BEGIN INPUT FOR THIS TASK

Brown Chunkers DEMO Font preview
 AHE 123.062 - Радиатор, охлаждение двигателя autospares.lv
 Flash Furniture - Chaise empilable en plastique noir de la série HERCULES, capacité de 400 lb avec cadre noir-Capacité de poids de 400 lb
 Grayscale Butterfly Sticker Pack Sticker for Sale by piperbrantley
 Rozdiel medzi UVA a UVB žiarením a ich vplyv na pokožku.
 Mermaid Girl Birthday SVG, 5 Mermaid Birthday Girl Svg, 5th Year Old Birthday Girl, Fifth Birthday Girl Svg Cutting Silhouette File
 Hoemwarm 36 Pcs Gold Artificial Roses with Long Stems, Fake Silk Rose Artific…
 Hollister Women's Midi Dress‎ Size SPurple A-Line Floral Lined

END INPUT FOR THIS TASK

THE TASK:
Output the lines above verbatim and in full.

WRITTEN ANSWER:
Brown Chunkers DEMO Font preview
 AHE 123.062 - Радиатор, охлаждение двигателя autospares.lv
 Flash Furniture - Chaise empilable en plastique noir de la série HERCULES, capacité de 400 lb avec cadre noir-Capacité de poids de 400 lb
 Grayscale Butterfly Sticker Pack Sticker for Sale by piperbrantley
 Rozdiel medzi UVA a UVB žiarením a ich vplyv na pokožku.
 Mermaid Girl Birthday SVG, 5 Mermaid Birthday Girl Svg, 5th Year Old Birthday Girl, Fifth Birthday Girl Svg Cutting Silhouette File
 Hoemwarm 36 Pcs Gold Artificial Roses with Long Stems, Fake Silk Rose Artific…
 Hollister Women's Midi Dress‎ Size SPurple A-Line Floral Lined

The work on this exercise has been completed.